L’article 74. de la constitution précise, en effet, que « le Président de la République a l’initiative des lois, concurremment avec les membres du Parlement ». Le président peut donc soumettre au parlement (Assemblée nationale et Sénat) un projet de loi portant amnistie de M. Gbagbo Laurent, sous réserve de la loi d’habilitation.
De même, les élus de la coalition de fait EDS et PPA-CI peuvent, d’eux-mêmes, prendre l’initiative de proposer une loi en vue d’obtenir l’amnistie du neo gracié.
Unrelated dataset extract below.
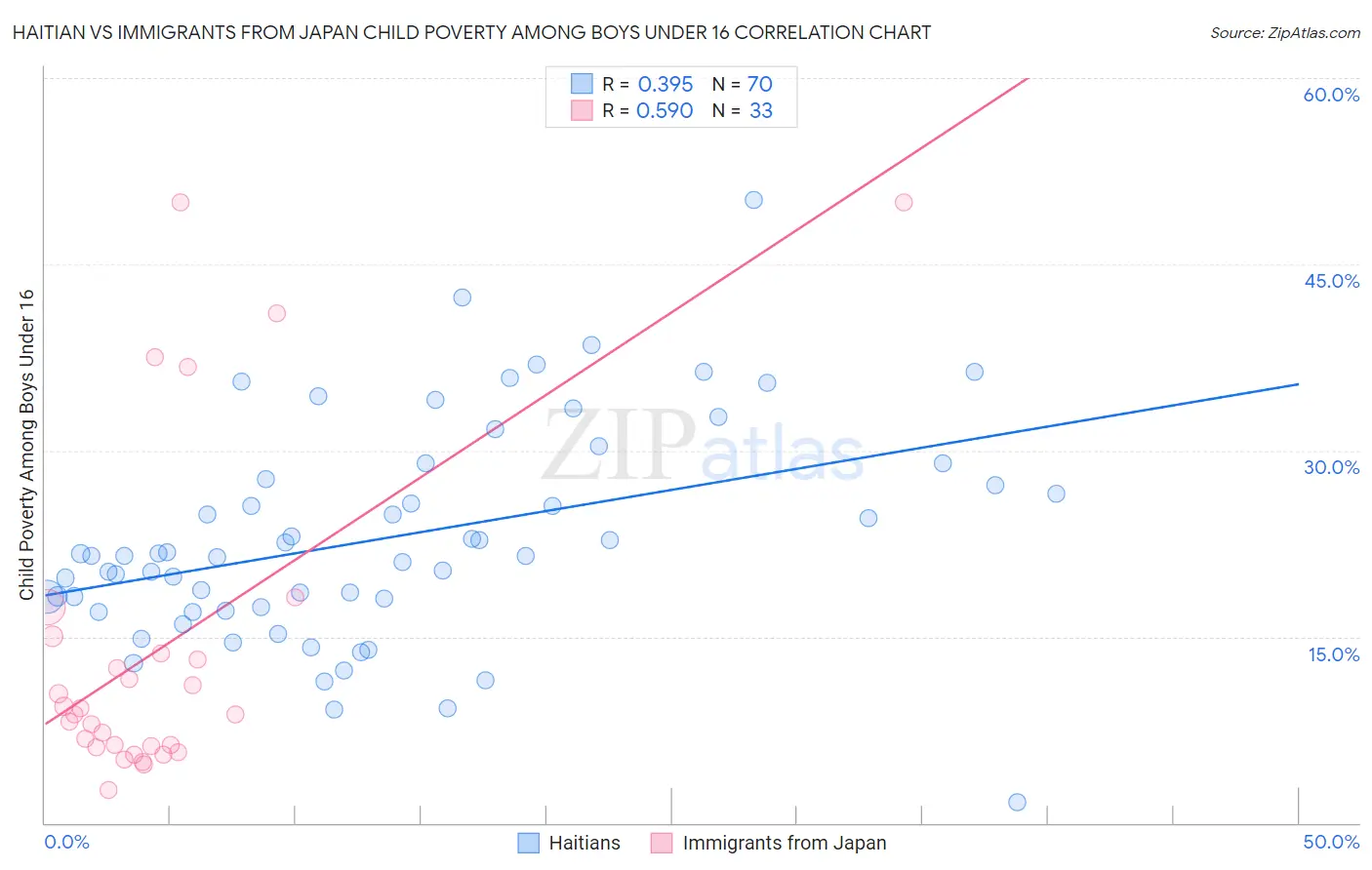 Haitian vs Immigrants from Japan Child Poverty Among Boys Under 16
En réalité, les chances de voir une telle proposition de loi, portée par l’opposition, même dans son ensemble, être votée et aboutir à une loi d’amnistie sont relativement minces, compte tenu de la majorité absolue dont dispose le RHDP dans les deux chambres du parlement ivoirien (138 députés RHDP contre 81 pour la coalition PDCI / EDS sur un total de 255 députés).
La seule solution réaliste qui permettrait en l’espèce qu’une loi d’amnistie soit votée, c’est la négociation avec le RHDP. Soit, avec le président de la république afin qu’il signe une ordonnance d’amnistie pour la législature à venir, 2023, suite à une loi d’habilitation, soit avec le groupe parlementaire RHDP à l’Assemblée nationale.
C’est une voie qui est tout à fait possible lorsqu’on sait que le candidat du RHDP à la présidence de l’Assemblée nationale, Adama Bictogo, quoique bénéficiant d’une confortable majorité qui lui aurait permis d’être élu avec les seules voies de son groupe parlementaire, a tout de même sollicité (pour la forme) le suffrage des députés de l’opposition.
C’est une démarche emprunte d’humilité qui pourrait également inspirer les élus du PDCI et EDS en vue de solliciter le soutien des parlementaires du RHDP à leur éventuelle proposition de loi d’amnistie en faveur de M. Gbagbo.
La bonne question est alors de savoir pourquoi n’engagent ils pas ces négociations alors que, manifestement la prise d’une loi d’amnistie n’était pas à l’ordre du jour et encore moins au nombre des résolutions de la phase 5 du dialogue politique qui a eu lieu du 16 décembre 2021 au 22 mars 2022, tel que l’a, à juste titre, relevé l’UDCY, cosignataire du communiqué final, dans une déclaration publiée avant-hier dans les médias nationaux.
Le 11 août 2003, alors au pouvoir, le président Gbagbo avait promulgué une loi d’amnistie votée le 6 août par une large majorité de 179 députés pour, 2 contre et 1 abstention. Cette loi d’amnistie au profit des acteurs de l’ex rébellion n’a pu obtenir un tel plébiscite qu’en raison des négociations préalables entre les parties concernées en vue notamment de convaincre les députés de la coalition pro FPI au pouvoir de la voter.
Plutôt que de rentrer dans un bras de fer avec la RHDP qu’ils ont peu de chance de gagner, en l’état actuel des forces en présence au sein des chambres hautes (Senat) et basses (Assemblée nationale) du Parlement ivoirien, EDS, qui y a tout intérêt, devrait privilégier la voie de la négociation.
Le PDCI qui lui est en embuscade n’a en réalité pas d’intérêt politique à ce que ces négociations apaisées s’engagent. Il est en effet, en raison de l’alliance avec EDS, le grand bénéficiaire d’un statut quo qui éliminerait de facto M. Gbagbo de la présidentielle de 2025. Le PDCI récolterait donc les dividendes de cette « neutralisation judiciaire » de son neo allié non idéologique.
Gardons constamment à l’esprit, avec le Général Charles De Gaulle, que s’il est admis que les Etats n’ont pas d’amis et n’ont que des intérêts, il ne fait aucun doute qu’il en va de même pour les partis politiques. Alliance ou non et real politik oblige.
Kouadio JEAN BONIN
Juriste
Membre du cabinet international d’avocats Serres et associés, Parls
Président du Think Tank dénommé FIER.